***** Information *****
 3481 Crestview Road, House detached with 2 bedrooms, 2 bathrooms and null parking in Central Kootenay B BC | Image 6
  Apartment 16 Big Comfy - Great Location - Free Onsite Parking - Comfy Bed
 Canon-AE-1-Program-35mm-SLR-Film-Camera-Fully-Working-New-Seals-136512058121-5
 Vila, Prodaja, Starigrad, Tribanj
*****
***** Information *****
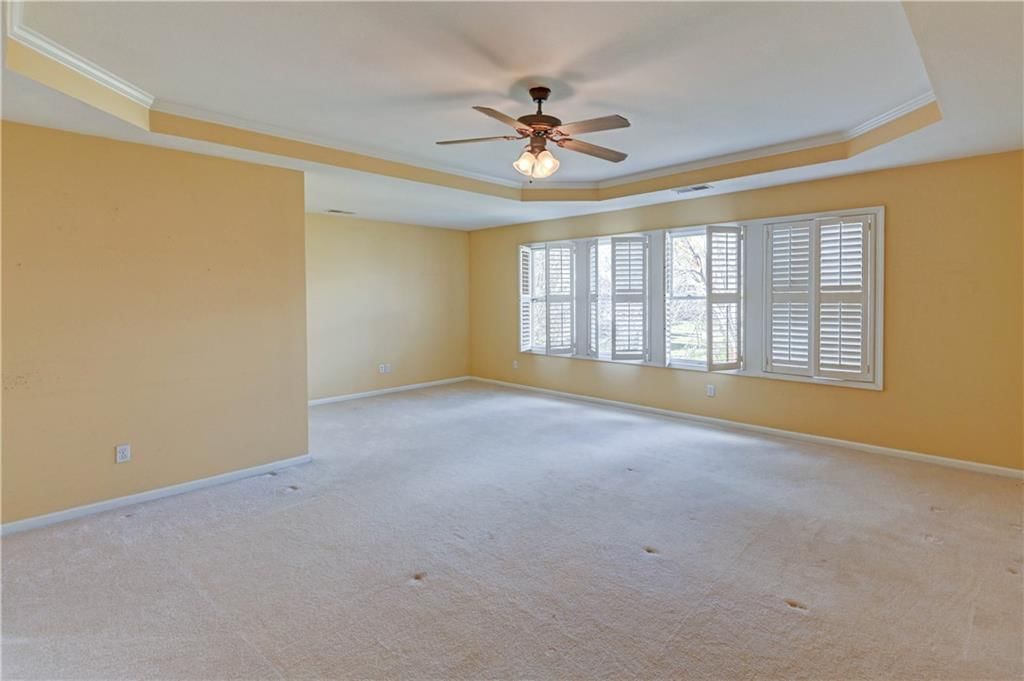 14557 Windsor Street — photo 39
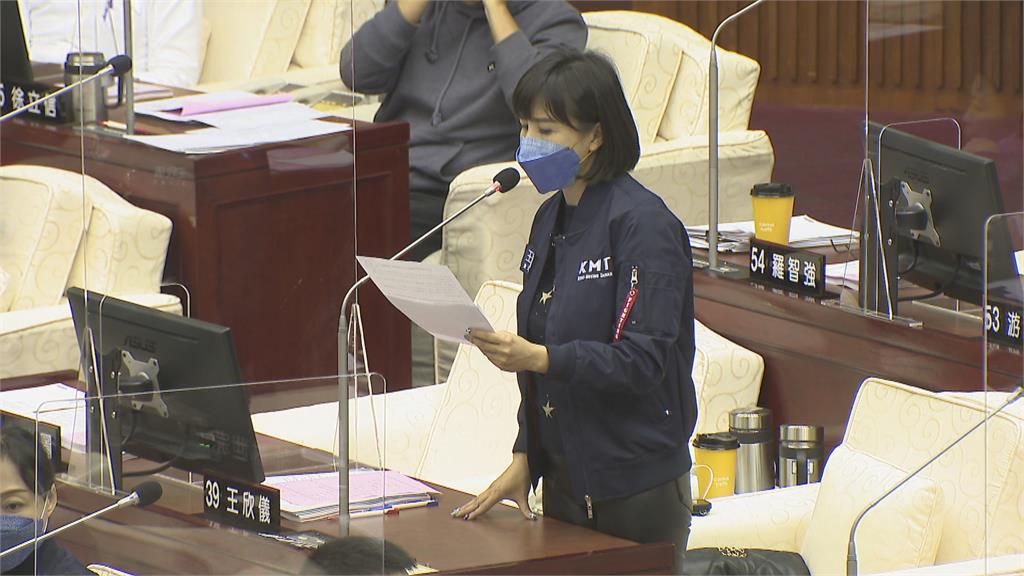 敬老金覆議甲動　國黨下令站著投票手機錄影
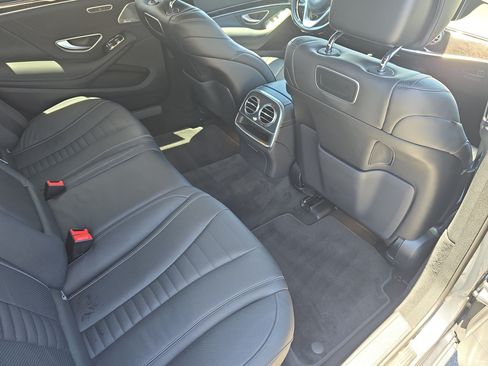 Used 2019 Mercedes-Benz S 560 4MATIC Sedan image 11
*****
Exercise goal: Above are the entries. Output exactly the lines beginning with the line that has "3481 Crestview Road, House" and ending with the line that has "Vila, Prodaja, Starigrad, Tribanj".

Exercise response:
 3481 Crestview Road, House detached with 2 bedrooms, 2 bathrooms and null parking in Central Kootenay B BC | Image 6
  Apartment 16 Big Comfy - Great Location - Free Onsite Parking - Comfy Bed
 Canon-AE-1-Program-35mm-SLR-Film-Camera-Fully-Working-New-Seals-136512058121-5
 Vila, Prodaja, Starigrad, Tribanj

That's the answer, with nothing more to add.